His mother had been beyond saving, but Carlos was just a boy. A normal, healthy young boy the same age Blaze had been when his mother had passed. Blaze couldn't help but think that perhaps if he hadn't gone to Sir Mallard's, if he hadn't spent his morning working on the rune with him in Mr. Duval's class, then Carlos might still be alive.

Water pooled on the armchair and Blaze shivered. He had left his jacket with Carlos and he was thoroughly soaked, but he didn't have the energy to change his clothes. He didn't care if his father yelled at him for dripping onto the armchair or if he caught a cold from the damp clothing. He just wanted to sit and grieve in silence.

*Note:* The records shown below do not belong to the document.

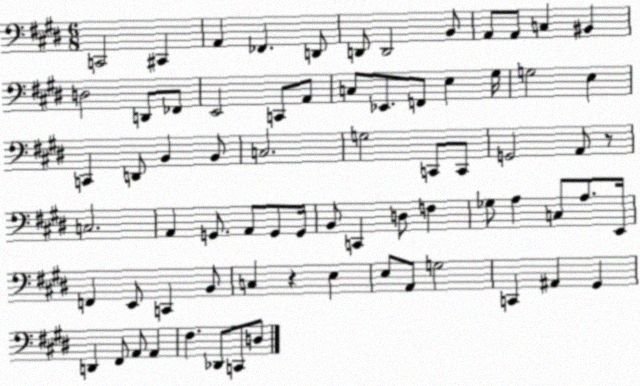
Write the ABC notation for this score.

X:1
T:Untitled
M:6/8
L:1/4
K:E
C,,2 ^C,, A,, _F,, D,,/2 D,,/2 D,,2 B,,/2 A,,/2 A,,/2 C, ^B,, D,2 D,,/2 _F,,/2 E,,2 C,,/2 A,,/2 C,/2 _E,,/2 F,,/2 E, ^G,/4 G,2 E, C,, D,,/2 B,, B,,/2 C,2 G,2 C,,/2 C,,/2 G,,2 A,,/2 z/2 C,2 A,, G,,/2 A,,/2 G,,/2 G,,/4 B,,/2 C,, D,/2 F, _G,/2 A, C,/2 A,/2 E,,/4 F,, E,,/2 C,, B,,/2 C, z E, E,/2 A,,/2 G,2 C,, ^A,, ^G,, D,, ^F,,/2 A,,/2 A,, ^F, _D,,/2 C,,/2 D,/2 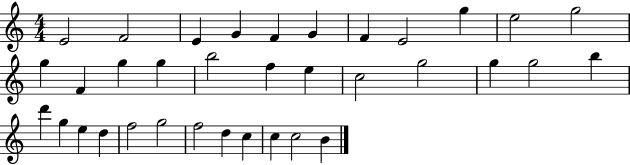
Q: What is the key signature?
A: C major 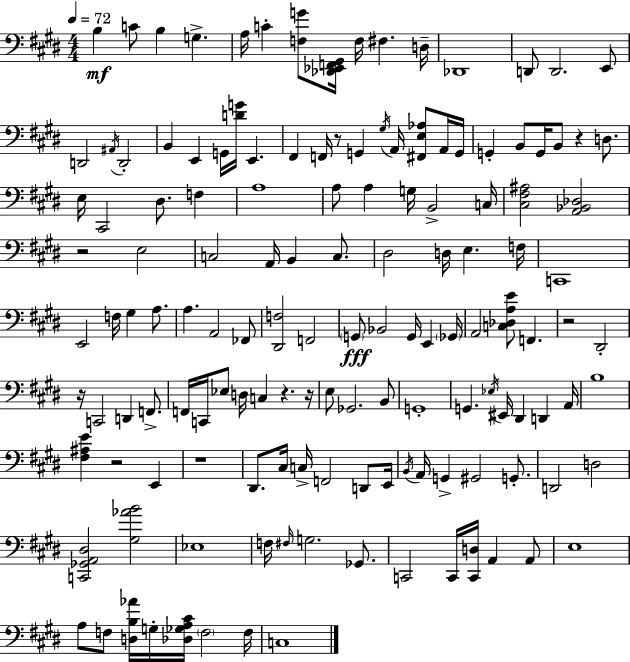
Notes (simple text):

B3/q C4/e B3/q G3/q. A3/s C4/q [F3,G4]/e [Db2,Eb2,F2,G#2]/s F3/s F#3/q. D3/s Db2/w D2/e D2/h. E2/e D2/h A#2/s D2/h B2/q E2/q G2/s [D4,G4]/s E2/q. F#2/q F2/s R/e G2/q G#3/s A2/s [F#2,E3,Ab3]/e A2/s G2/s G2/q B2/e G2/s B2/e R/q D3/e. E3/s C#2/h D#3/e. F3/q A3/w A3/e A3/q G3/s B2/h C3/s [C#3,F#3,A#3]/h [A2,Bb2,Db3]/h R/h E3/h C3/h A2/s B2/q C3/e. D#3/h D3/s E3/q. F3/s C2/w E2/h F3/s G#3/q A3/e. A3/q. A2/h FES2/e [D#2,F3]/h F2/h G2/e Bb2/h G2/s E2/q Gb2/s A2/h [C3,Db3,A3,E4]/e F2/q. R/h D#2/h R/s C2/h D2/q F2/e. F2/s C2/s Eb3/e D3/s C3/q R/q. R/s E3/e Gb2/h. B2/e G2/w G2/q. Eb3/s EIS2/s D#2/q D2/q A2/s B3/w [F#3,A#3,E4]/q R/h E2/q R/w D#2/e. C#3/s C3/s F2/h D2/e E2/s B2/s A2/s G2/q G#2/h G2/e. D2/h D3/h [C2,Gb2,A2,D#3]/h [G#3,Ab4,B4]/h Eb3/w F3/s F#3/s G3/h. Gb2/e. C2/h C2/s [C2,D3]/s A2/q A2/e E3/w A3/e F3/e [D3,B3,Ab4]/s G3/s [Db3,Gb3,A3,C#4]/s F3/h F3/s C3/w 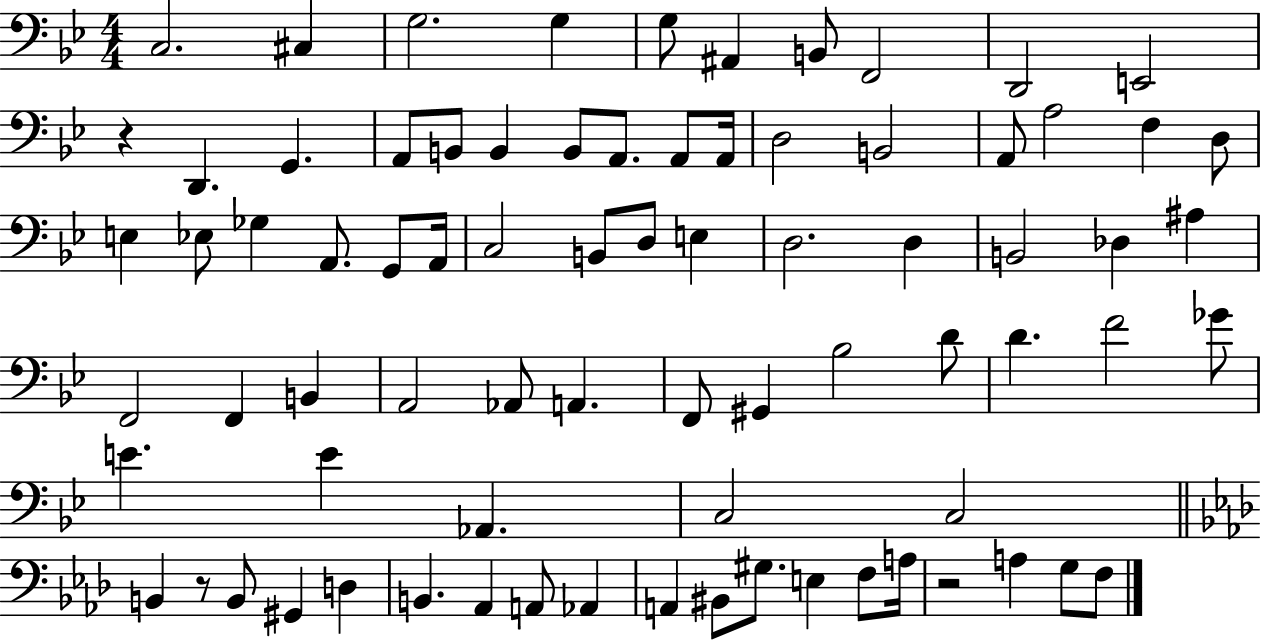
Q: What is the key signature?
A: BES major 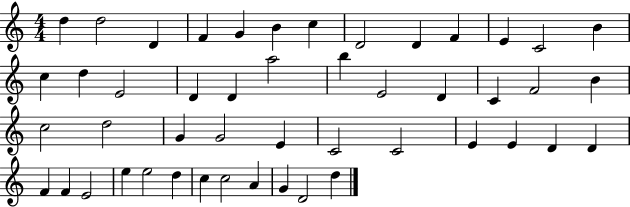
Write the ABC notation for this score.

X:1
T:Untitled
M:4/4
L:1/4
K:C
d d2 D F G B c D2 D F E C2 B c d E2 D D a2 b E2 D C F2 B c2 d2 G G2 E C2 C2 E E D D F F E2 e e2 d c c2 A G D2 d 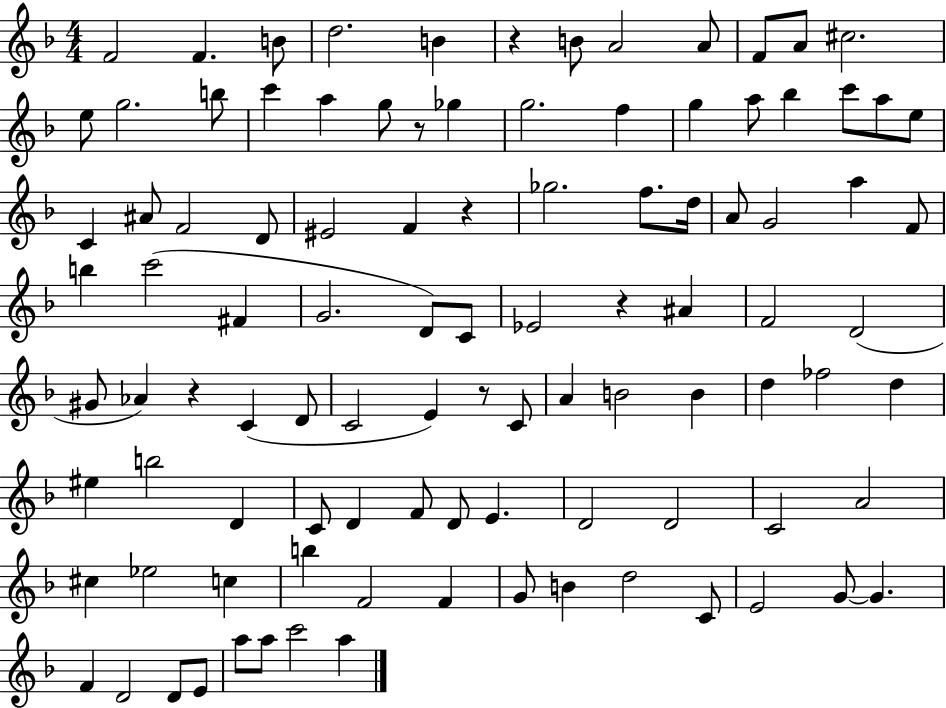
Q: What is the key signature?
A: F major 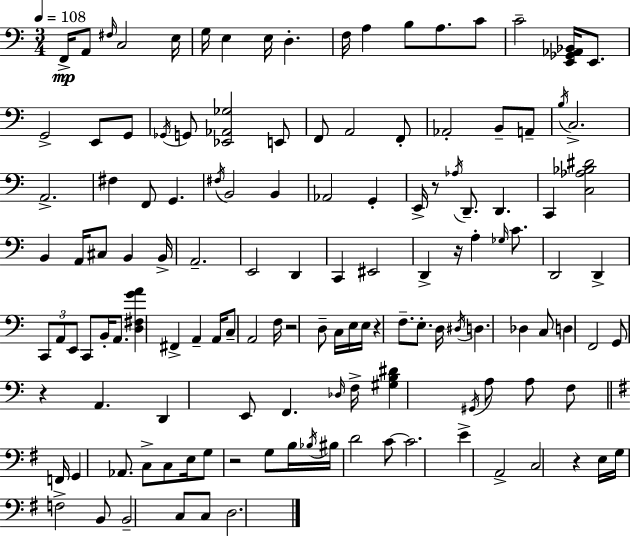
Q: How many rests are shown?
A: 7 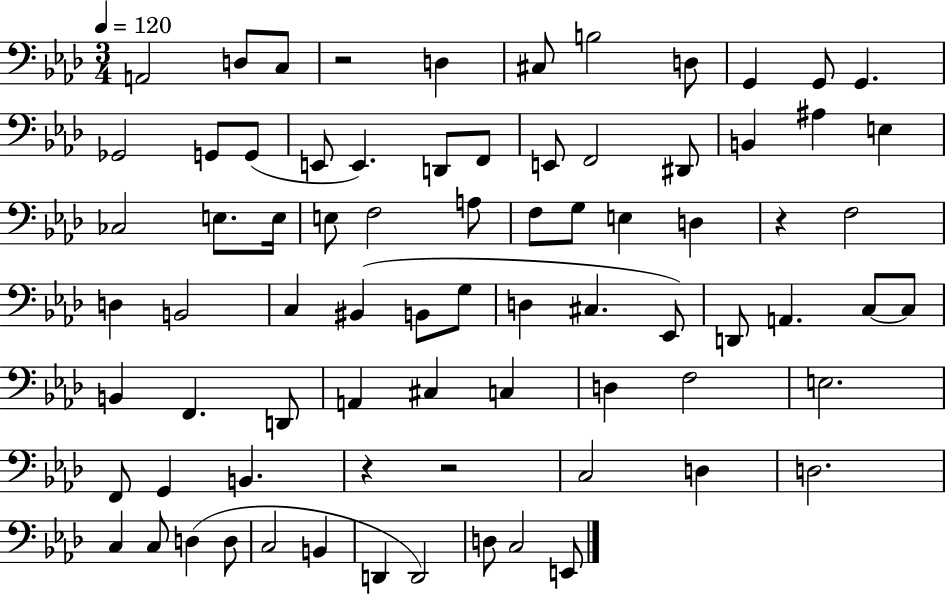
X:1
T:Untitled
M:3/4
L:1/4
K:Ab
A,,2 D,/2 C,/2 z2 D, ^C,/2 B,2 D,/2 G,, G,,/2 G,, _G,,2 G,,/2 G,,/2 E,,/2 E,, D,,/2 F,,/2 E,,/2 F,,2 ^D,,/2 B,, ^A, E, _C,2 E,/2 E,/4 E,/2 F,2 A,/2 F,/2 G,/2 E, D, z F,2 D, B,,2 C, ^B,, B,,/2 G,/2 D, ^C, _E,,/2 D,,/2 A,, C,/2 C,/2 B,, F,, D,,/2 A,, ^C, C, D, F,2 E,2 F,,/2 G,, B,, z z2 C,2 D, D,2 C, C,/2 D, D,/2 C,2 B,, D,, D,,2 D,/2 C,2 E,,/2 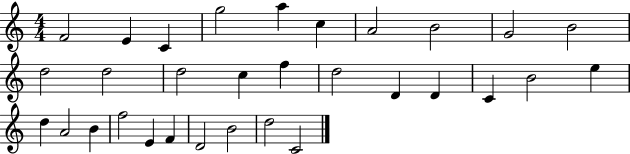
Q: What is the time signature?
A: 4/4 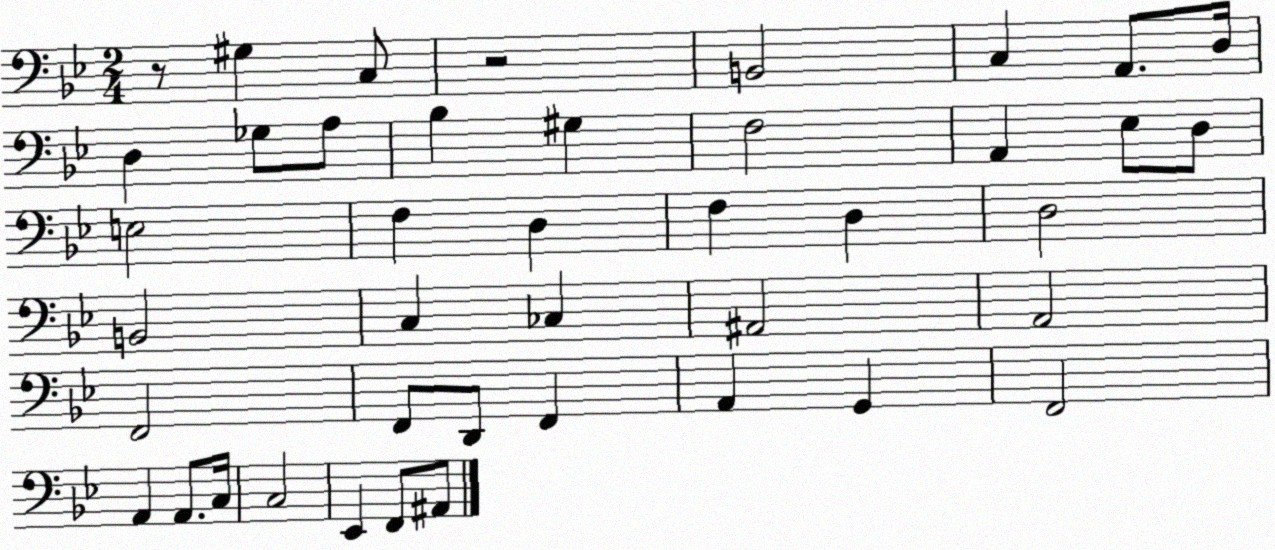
X:1
T:Untitled
M:2/4
L:1/4
K:Bb
z/2 ^G, C,/2 z2 B,,2 C, A,,/2 D,/4 D, _G,/2 A,/2 _B, ^G, F,2 A,, _E,/2 D,/2 E,2 F, D, F, D, D,2 B,,2 C, _C, ^A,,2 A,,2 F,,2 F,,/2 D,,/2 F,, A,, G,, F,,2 A,, A,,/2 C,/4 C,2 _E,, F,,/2 ^A,,/2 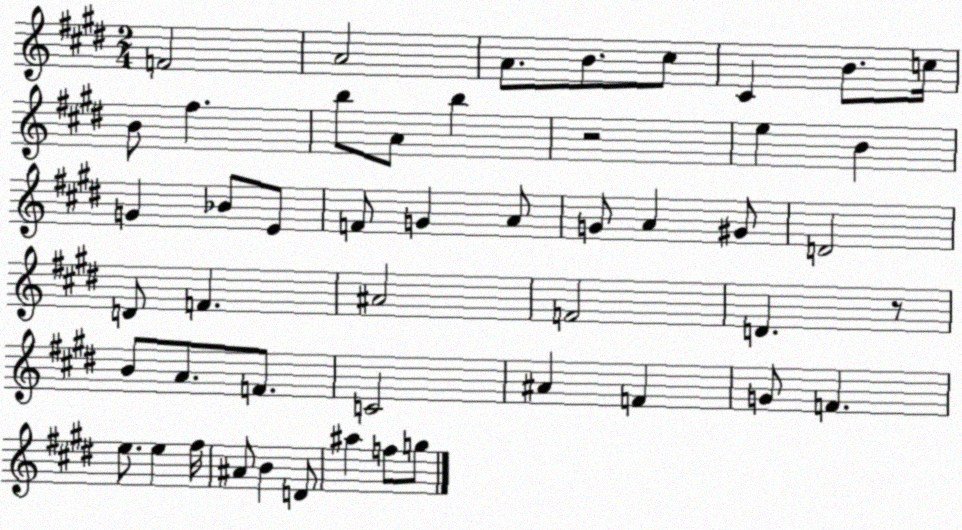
X:1
T:Untitled
M:2/4
L:1/4
K:E
F2 A2 A/2 B/2 ^c/2 ^C B/2 c/4 B/2 ^f b/2 A/2 b z2 e B G _B/2 E/2 F/2 G A/2 G/2 A ^G/2 D2 D/2 F ^A2 F2 D z/2 B/2 A/2 F/2 C2 ^A F G/2 F e/2 e ^f/4 ^A/2 B D/2 ^a f/2 g/2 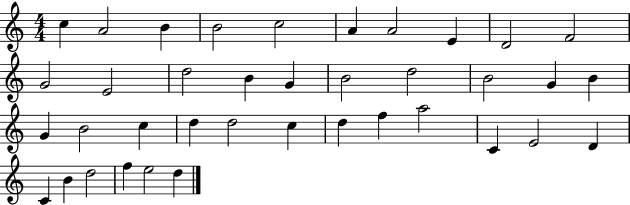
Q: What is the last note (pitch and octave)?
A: D5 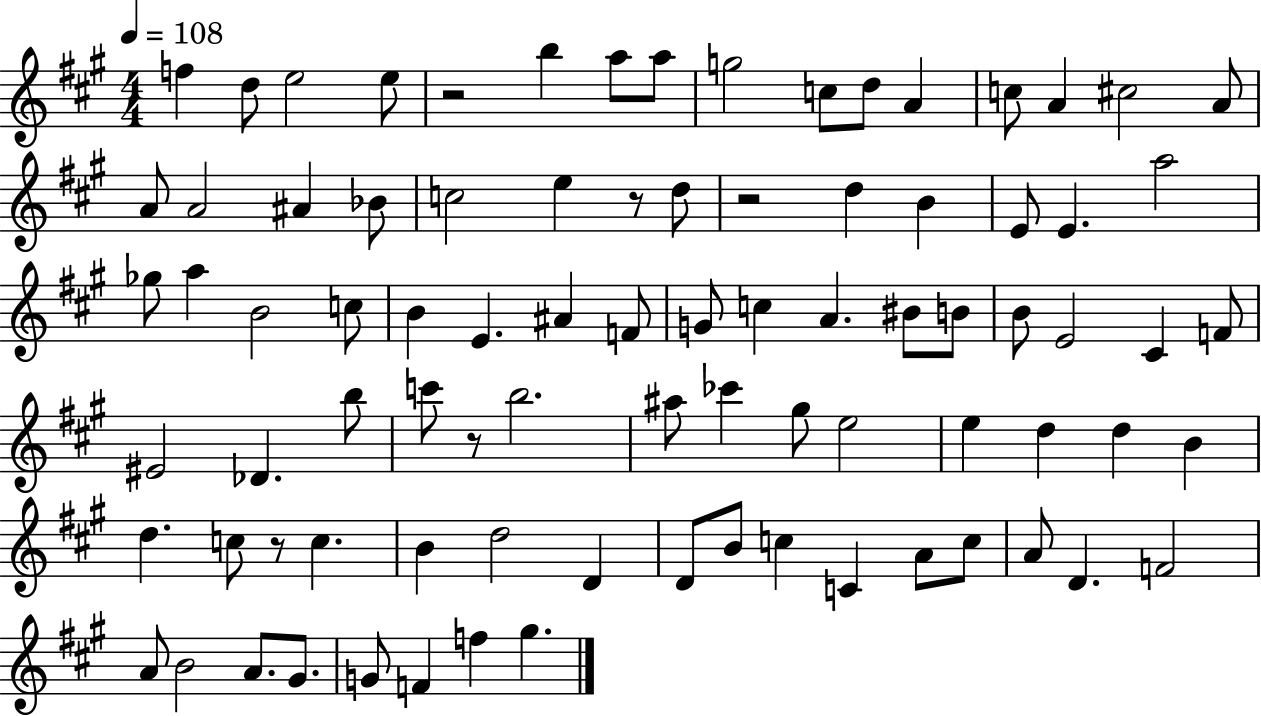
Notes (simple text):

F5/q D5/e E5/h E5/e R/h B5/q A5/e A5/e G5/h C5/e D5/e A4/q C5/e A4/q C#5/h A4/e A4/e A4/h A#4/q Bb4/e C5/h E5/q R/e D5/e R/h D5/q B4/q E4/e E4/q. A5/h Gb5/e A5/q B4/h C5/e B4/q E4/q. A#4/q F4/e G4/e C5/q A4/q. BIS4/e B4/e B4/e E4/h C#4/q F4/e EIS4/h Db4/q. B5/e C6/e R/e B5/h. A#5/e CES6/q G#5/e E5/h E5/q D5/q D5/q B4/q D5/q. C5/e R/e C5/q. B4/q D5/h D4/q D4/e B4/e C5/q C4/q A4/e C5/e A4/e D4/q. F4/h A4/e B4/h A4/e. G#4/e. G4/e F4/q F5/q G#5/q. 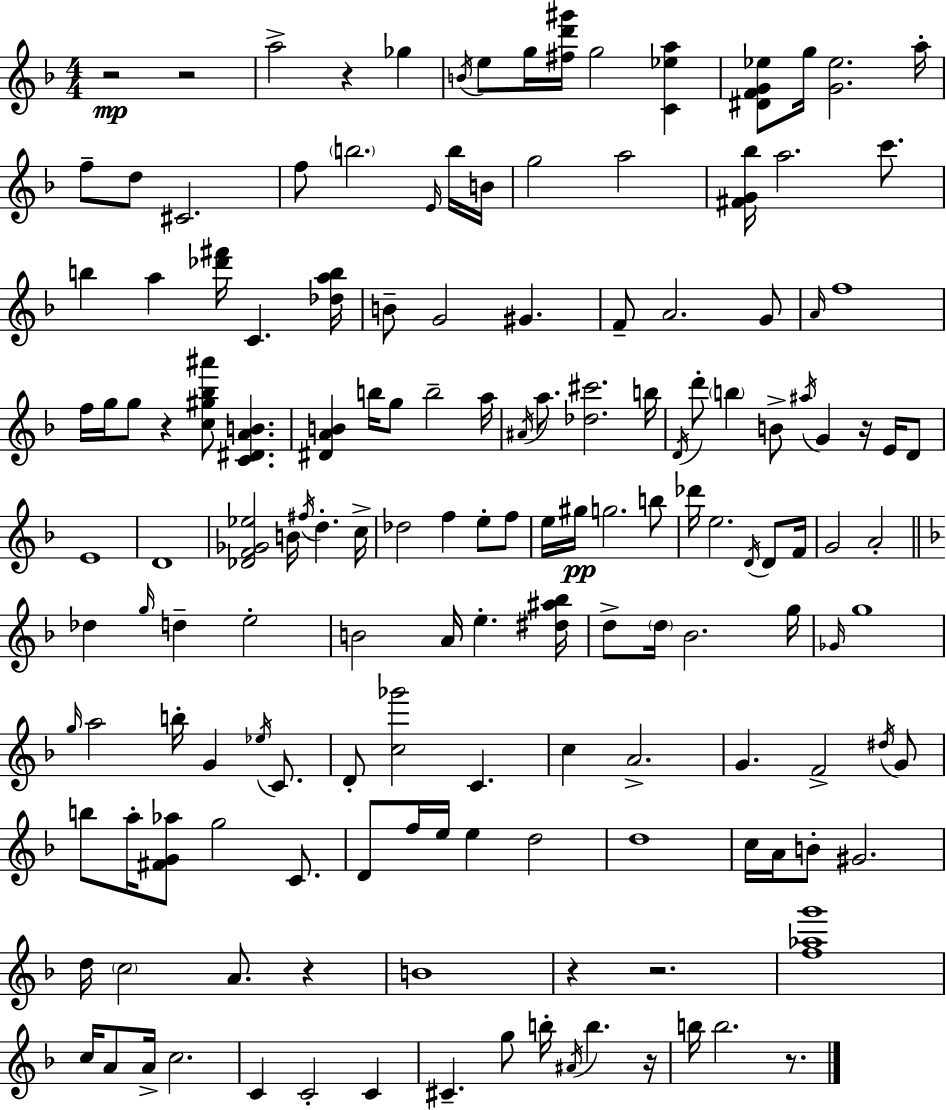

But the silence was suddenly shattered by a loud shout.

"What the hell?"

Blaze jumped to his feet and glanced around the empty living room wildly. He was certain no one else was home, and yet the shout had clearly come from inside the apartment.

He heard a few footsteps and then the sound of pots and pans clanking. Someone was in the kitchen.

Blaze's heart pressed against his chest wall painfully. He reached into his pocket, fumbling for a piece of chalk. He had never been particular adept with attack runes, but he knew he could whip up a mediocre one if he had enough warning.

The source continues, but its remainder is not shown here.